Panic in Multicore Land 367
MOBE2001 writes "There is widespread disagreement among experts on how best to design and program multicore processors, according to the EE Times. Some, like senior AMD fellow, Chuck Moore, believe that the industry should move to a new model based on a multiplicity of cores optimized for various tasks. Others disagree on the ground that heterogeneous processors would be too hard to program. The only emerging consensus seems to be that multicore computing is facing a major crisis. In a recent EE Times article titled 'Multicore puts screws to parallel-programming models', AMD's Chuck Moore is reported to have said that 'the industry is in a little bit of a panic about how to program multicore processors, especially heterogeneous ones.'"
Should Mimick The Brain (Score:5, Interesting)

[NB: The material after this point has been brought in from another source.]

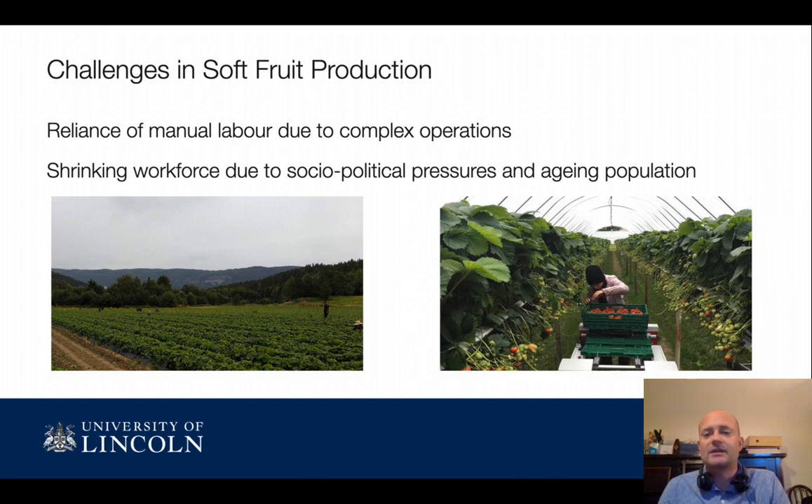Here we're looking at strawberry farms, and here's an example of how we grow strawberries, mostly in the UK, on these tabletops. We're talking about autonomous robots like the Thorwald robot from Saga Robotics, which we're working with very closely to support a number of applications to automate strawberry production.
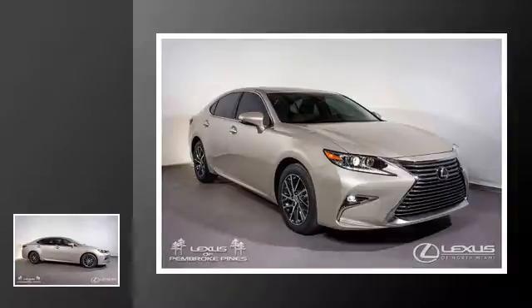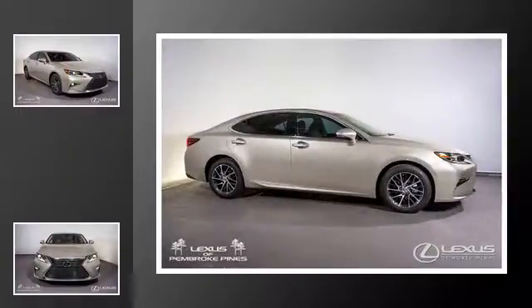This is a 2017 Lexus ES350. This four-door sedan has a six-speed automatic transmission and a V6.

Well, the most recent research into how the cortext works has some interesting leads on this. If we first assume that the human brain has a pretty interesting organization, then we should try to emulate it.
Recall that the human brain receives a series of pattern streams from each of the senses. These patterns streams are in turn processed in the most global sense--discovering outlines, for example--in the v1 area of the cortext, which receives a steady stream of patterns over time from the senses. Then, having established the broadest outlines of a pattern, the v1 cortext layer passes its assessment of what it saw the outline of to the next higher cortex layer, v2. Notice that v1 does not pass the raw pattern it receives up to v2. Rather, it passes its interpretation of that pattern to v2. Then, v2 makes a slightly more global assessment, saying that the outline it received from v1 is not only a face but a face of a man it recognizes. Then, that information is sent up to v4 and ultimate to the IT cortex layer.
The point here is important. One layer of the cortex is devoted to some range of discovery. Then, after it has assigned some rudimentary meaning to the image, it passes it up the cortex where a slightly finer assignment of meaning is applied.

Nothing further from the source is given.